Explanation:
Let's first use algebra to find the current number of stamps that Jason and Ashley have.
Let x be the number of stamps that Ashley has.
Then, since the ratio of Jason's stamps to Ashley's stamps is 5:2, we can write:
Jason's stamps = (5/2) * Ashley's stamps
Jason's stamps = (5/2) * x
Jason's stamps = (5x/2)
We also know that Jason has 42 more stamps than Ashley, so we can write:
Jason's stamps = Ashley's stamps + 42
Substituting (5x/2) for Jason's stamps in the above equation, we get:
(5x/2) = x + 42
Solving for x, we get:
x = 28
So Ashley has 28 stamps, and Jason has:
Jason's stamps = (5/2) * 28 = 70
Now we need to find how many stamps Jason should give to Ashley so that the ratio becomes 3:4.

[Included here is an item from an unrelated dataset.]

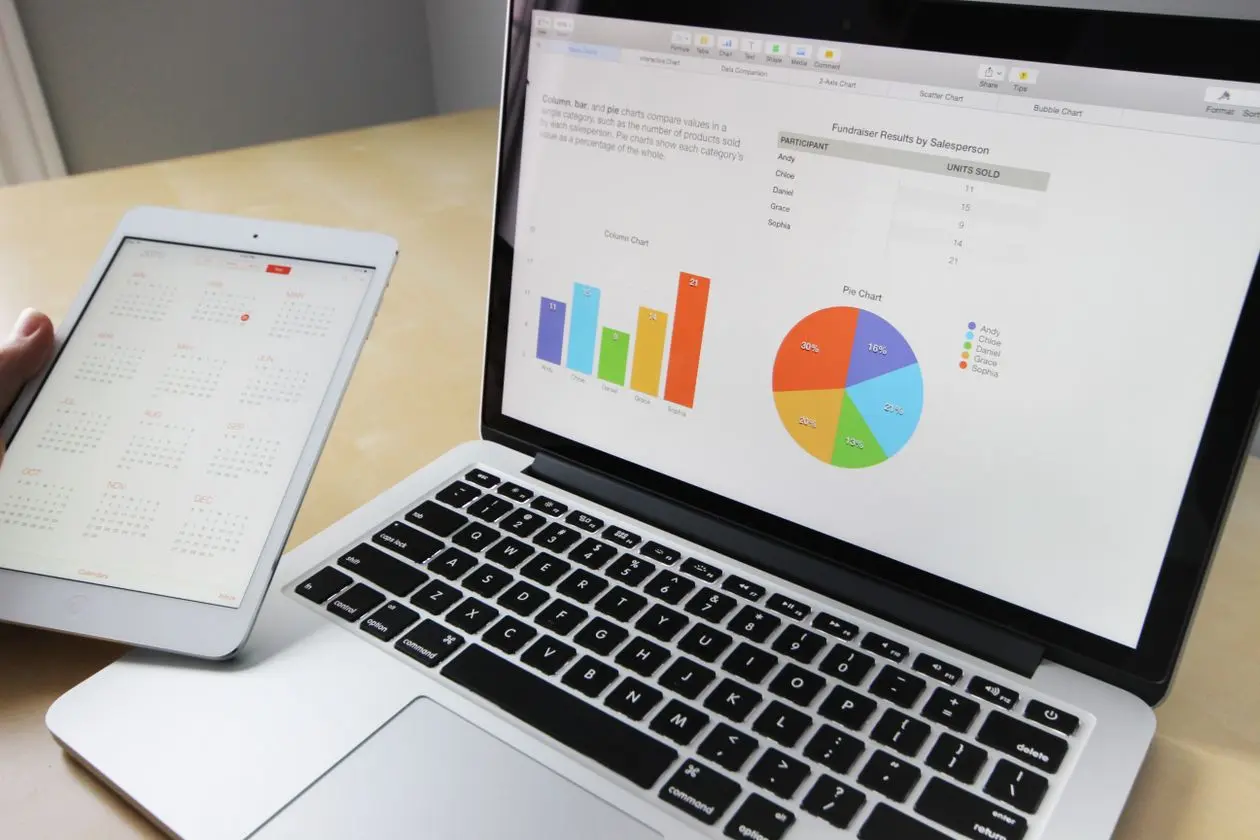 Real product dashboard UI captured on-screen for an AI software demo video, not a fabricated mockup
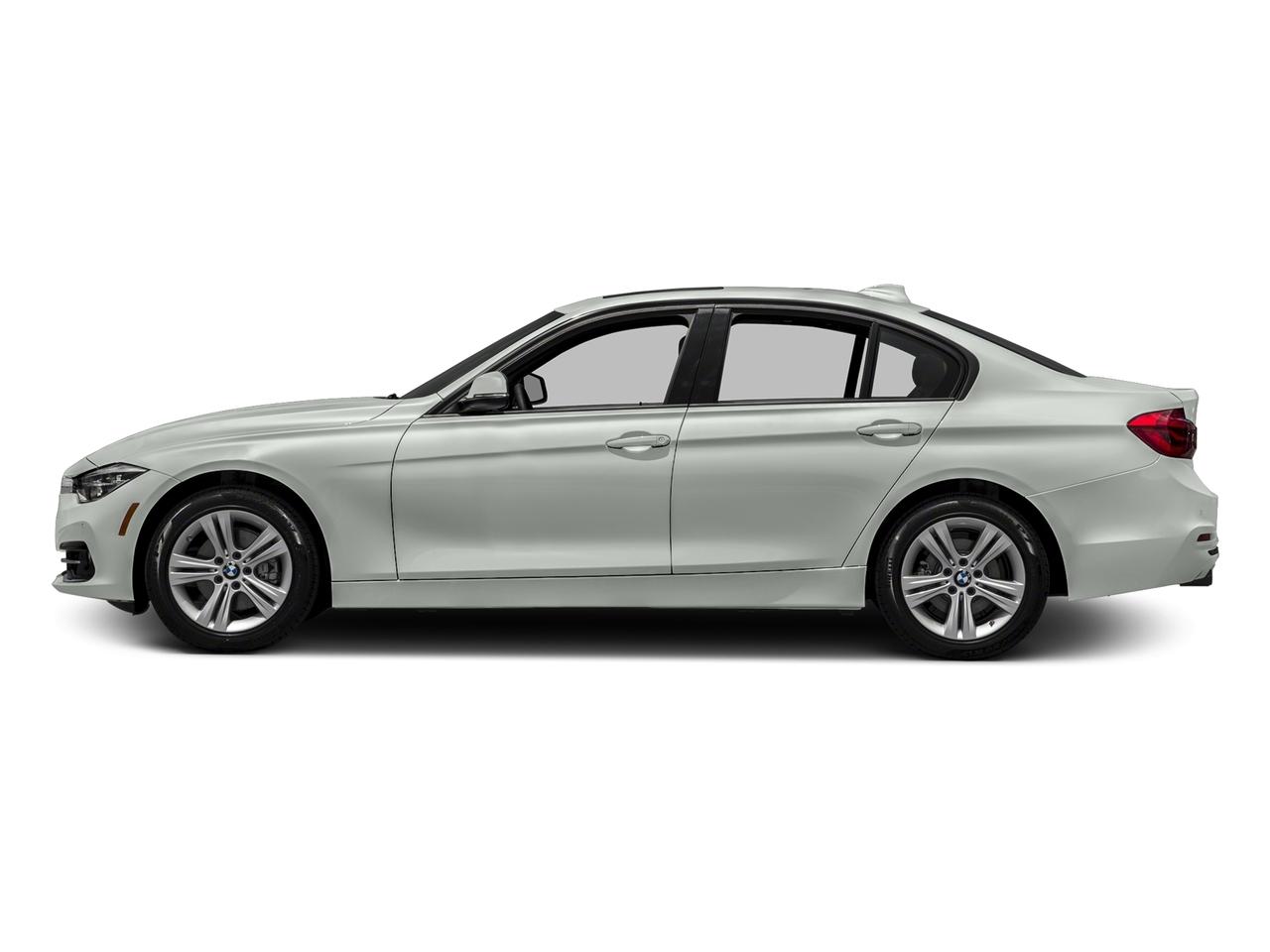 2018 BMW 3 Series Vehicle Photo in GLENWOOD, MN 56334-1123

Let y be the number of stamps that Jason gives to Ashley.
After giving y stamps to Ashley, Jason will have:
(70 - y) stamps
And Ashley will have:
(28 + y) stamps
We want the ratio of Jason's stamps to Ashley's stamps to be 3:4, so we can write:
(70 - y)/(28 + y) = 3/4
Cross-multiplying, we get:
4(70 - y) = 3(28 + y)
Simplifying, we get:
280 - 4y = 84 + 3y
Bringing all the y terms to one side and all the constant terms to the other, we get:
7y = 196
Dividing both sides by 7, we get:
y = 28
So Jason should give 28 stamps to Ashley.
After giving 28 stamps to Ashley, Jason will have 42 stamps (70 - 28), and Ashley will have 56 stamps (28 + 28).
The ratio of Jason's stamps to Ashley's stamps is then 42:56, which simplifies to 3:4.